Margaret and Linley are both Pākehā educators who work for the same service provider in Tauranga. Margaret is in her late 40s or early 50s. She is a registered nurse with no ECE qualifications. She became an educator when her own children were ECE-aged, and stayed when her children started school. Margaret has been an educator for 20 years now. She looks after nine different children over the course of the week.
Linley is in her late 50s or early 60s and has been an educator for 38 years. She has no ECE qualifications, but has 100 points of a playcentre qualification and has completed two Level 3 ECE papers through the Open Polytechnic. Linley did the Open Polytechnic papers when she first started and government was going require eight Introduction to ECE papers. She didn’t finish the qualification because the requirement for the eight papers was removed. She works 7.30am to 6pm and usually has four children with her over the course of the day. She looks after eight different children over the course of the week. This includes one child on a Saturday whose parents work in the retail sector as well as a number of pick-ups from kindergarten during the week.
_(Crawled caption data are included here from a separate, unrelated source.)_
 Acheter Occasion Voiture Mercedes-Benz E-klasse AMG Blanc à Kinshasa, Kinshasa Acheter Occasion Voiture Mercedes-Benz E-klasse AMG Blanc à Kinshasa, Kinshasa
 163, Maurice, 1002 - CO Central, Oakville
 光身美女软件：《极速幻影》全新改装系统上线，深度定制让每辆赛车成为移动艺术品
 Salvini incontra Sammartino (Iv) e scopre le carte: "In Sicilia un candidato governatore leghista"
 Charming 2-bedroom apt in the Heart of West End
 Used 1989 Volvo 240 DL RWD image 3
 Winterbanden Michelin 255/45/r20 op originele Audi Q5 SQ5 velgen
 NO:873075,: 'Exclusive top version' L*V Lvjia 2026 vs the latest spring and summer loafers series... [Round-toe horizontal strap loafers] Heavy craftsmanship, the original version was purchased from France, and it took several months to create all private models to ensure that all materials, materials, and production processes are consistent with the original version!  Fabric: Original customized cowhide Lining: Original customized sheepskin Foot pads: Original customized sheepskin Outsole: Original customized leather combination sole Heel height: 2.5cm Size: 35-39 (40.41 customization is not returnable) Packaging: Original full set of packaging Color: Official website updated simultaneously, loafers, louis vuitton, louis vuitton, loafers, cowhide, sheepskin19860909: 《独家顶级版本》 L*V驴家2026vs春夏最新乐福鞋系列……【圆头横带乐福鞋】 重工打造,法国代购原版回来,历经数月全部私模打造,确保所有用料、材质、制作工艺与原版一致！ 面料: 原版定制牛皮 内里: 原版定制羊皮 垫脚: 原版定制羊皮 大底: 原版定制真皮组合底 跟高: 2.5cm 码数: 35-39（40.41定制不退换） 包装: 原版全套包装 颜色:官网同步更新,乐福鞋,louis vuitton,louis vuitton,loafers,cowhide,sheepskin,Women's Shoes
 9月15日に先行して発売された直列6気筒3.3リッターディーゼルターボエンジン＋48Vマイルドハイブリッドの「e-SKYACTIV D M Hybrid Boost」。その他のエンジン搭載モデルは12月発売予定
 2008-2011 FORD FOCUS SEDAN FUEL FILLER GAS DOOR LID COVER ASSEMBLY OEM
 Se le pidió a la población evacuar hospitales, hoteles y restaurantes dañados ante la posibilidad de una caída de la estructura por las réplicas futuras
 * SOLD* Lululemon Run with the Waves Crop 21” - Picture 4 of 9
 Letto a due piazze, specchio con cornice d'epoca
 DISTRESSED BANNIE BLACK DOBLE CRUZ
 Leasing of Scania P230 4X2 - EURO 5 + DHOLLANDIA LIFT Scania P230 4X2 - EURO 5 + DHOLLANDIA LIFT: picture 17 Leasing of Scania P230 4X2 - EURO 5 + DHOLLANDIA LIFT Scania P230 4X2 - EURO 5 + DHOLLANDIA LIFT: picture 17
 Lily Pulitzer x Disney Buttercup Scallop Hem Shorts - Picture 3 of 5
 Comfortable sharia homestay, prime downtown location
Both educators like the flexibility of being able choose who they work with. They enjoy the relationships with parents and children, which are maintained even after children start school. They consider their experience as educators and all of the professional development they have taken part in over the years is equivalent to a Level 4 qualification.
They set their own fees for parents. They charge parents between $6 and $7.50 per child per hour. If they know parents are struggling with money, they drop their prices for that family. They also provide discounts for siblings.
Their service provider collects the fees from parents. The service provider pays the educators the parental fees even if parents are late or default on payments – the service provider has responsibility for chasing up parents for fees. The service provider does not pay educators any of the ECE subsidy for under 2s or 2 and overs. For 20 Hours ECE, the service provider pays the educators $6 per child per hour.
The service provider is a medium sized provider with multiple licences across Waikato, Bay of Plenty and Wellington. Its services include nannies and family caregivers in addition to educators working in their own homes.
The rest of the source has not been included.